"L’article L 64 du LPF définit la théorie de l’abus de droit comme la volonté par le contribuable de rechercher à bénéficier d’une application littérale des textes à l’encontre des objectifs poursuivis par leurs auteurs. Ce critère est considéré comme un critère objectif de la notion d’abus de droit.
À ce critère objectif s’ajoute un critère subjectif : la recherche d’un but exclusivement fiscal.

Ces deux critères étant cumulatifs, si l’administration arrive assez facilement à définir les contours du caractère objectif il n’en été pas de même pour le caractère subjectif exclusivement fiscal.
Beaucoup de montages avaient, certes, un objectif fiscal mais pas EXCLUSIVEMENT fiscal. Dès lors, les conseils pouvaient essayer de prouver que si le montage avait des avantages fiscaux, l’objectif était tout autre et que la théorie de l’abus de droit de l’article L 64 du LPF ne trouvait pas à s’appliquer.
Malgré cela, dans un avis du 25/11/2019 le CADF (Comité d’Abus de Droit Fiscal) va considérer qu’un montage de démembrement de parts sociales de SCI, fait afin de bénéficier de l’application de l’article 238 bis K du CGI, devait être considéré comme inopposable à l’administration en application de l’art 64 du LPF.
L’article 238 bis K précité prévoit que « lorsque des droits dans une sociétés sont inscrits à l’actif d’une personne morale passible de l’IS, la part des bénéfices correspondant à ces droits est déterminée selon les règles applicables au bénéfice réalisé par la personne ou l’entreprise qui détient ces droits »
À la lecture de cet article M. X et ses enfants vont imaginer la mise en place d’un montage permettant de paralyser l’impôt foncier dû dans le cadre des SCI mais également de pouvoir continuer à bénéficier de l’abattement pour durée de détention.
M.X et ses enfants vont créer une SCI au capital de 1 000€. Ils vont céder temporairement l’usufruit de cette société à une autre société commerciale B dont ils détiennent 100% du capital. M.X et ses enfants vont créer une HOLDING dont le siège social est au Luxembourg et qui est propriétaire de 100% de la société commerciale B.
M.X et ses enfants vont créer une SCI relevant de la fiscalité des personnes, capital 4 M€ ; ils vont céder à la société B l’intégralité de l’usufruit évalué en application de l’article 669 du CGI pour un montant de 1,84 M€. Le montant en capital de la nue-propriété ne sera jamais libéré.
La SCI va acquérir le 30 mars 2012 différents immeubles pour un montant de 4M€ qui sera payé pour partie par l’apport en usufruit de la société B et le solde, soit 2,6M€, par un crédit bancaire.

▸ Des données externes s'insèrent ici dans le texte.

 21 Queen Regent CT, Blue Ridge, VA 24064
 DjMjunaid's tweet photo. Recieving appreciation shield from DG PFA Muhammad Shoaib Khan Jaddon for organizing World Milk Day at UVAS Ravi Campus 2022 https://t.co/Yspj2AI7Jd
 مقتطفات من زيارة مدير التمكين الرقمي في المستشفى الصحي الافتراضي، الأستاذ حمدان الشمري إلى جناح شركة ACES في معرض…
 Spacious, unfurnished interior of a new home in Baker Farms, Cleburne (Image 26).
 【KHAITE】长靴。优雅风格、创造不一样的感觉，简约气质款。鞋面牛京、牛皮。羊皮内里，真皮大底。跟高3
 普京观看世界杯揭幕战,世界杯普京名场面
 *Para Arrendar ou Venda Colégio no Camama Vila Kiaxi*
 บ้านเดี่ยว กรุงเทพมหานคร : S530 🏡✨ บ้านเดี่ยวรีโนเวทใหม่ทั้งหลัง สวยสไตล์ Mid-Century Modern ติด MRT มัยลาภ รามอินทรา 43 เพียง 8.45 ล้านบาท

Devant le succès de leur montage et enivré par leur réussite les consorts X vont perfectionner le montage ; ils vont créer de juillet 2013 à novembre 2013 10 SCI toute soumises au régime des sociétés de personnes selon un schéma identique :
Capital 1000 € Consort X 98 ou 99% société B 1 ou 2%
– Cession de l’usufruit temporaire par les consorts X à B évalué sur le capital social 1 000€
– Augmentation de capital en fonction de la valeur des immeubles qui seront acquis par les SCI
– Bien évidement les consorts X et la société B participent en fonction de la valeur de la nue-propriété et de l’usufruit déterminée par l’art 669 du CGI à cette date U = 69%
– Déblocage de l’augmentation du capital par B soit sur leurs fonds propres soit par souscription de crédit, le nu propriétaire, quant à lui, ne débloquera jamais les fonds correspondant à l’augmentation de capital.
L’usufruit temporaire est fixé pour une durée de 25 ans pour 5 sociétés et 29 ans pour les autres.
Chaque SCI va faire l’acquisition d’immeubles à usage professionnel financés pour partie par ses fonds propre correspondant à la libération du capital faite par B, le solde étant financé par un concours bancaire.
À ce stade les consorts X n’ont toujours pas versé 1 €.
Les 11 SCI ont procédé à l’amortissement des immeubles acquis et ont déterminé leur résultat selon les règles applicable en matière de BIC, les résultats étant qu’en à eux soumis à IS au nom de la société B en sa qualité d’usufruitière des parts des 11 SCI.
Le résultat des SCI n’a généré aucun bénéfice puisque les charges d’intérêt d’emprunt supportés par B et les amortissements comptabilisés par cette société afférente à l’amortissement de l’usufruit temporaire des parts ont conduit à un résultat déficitaire.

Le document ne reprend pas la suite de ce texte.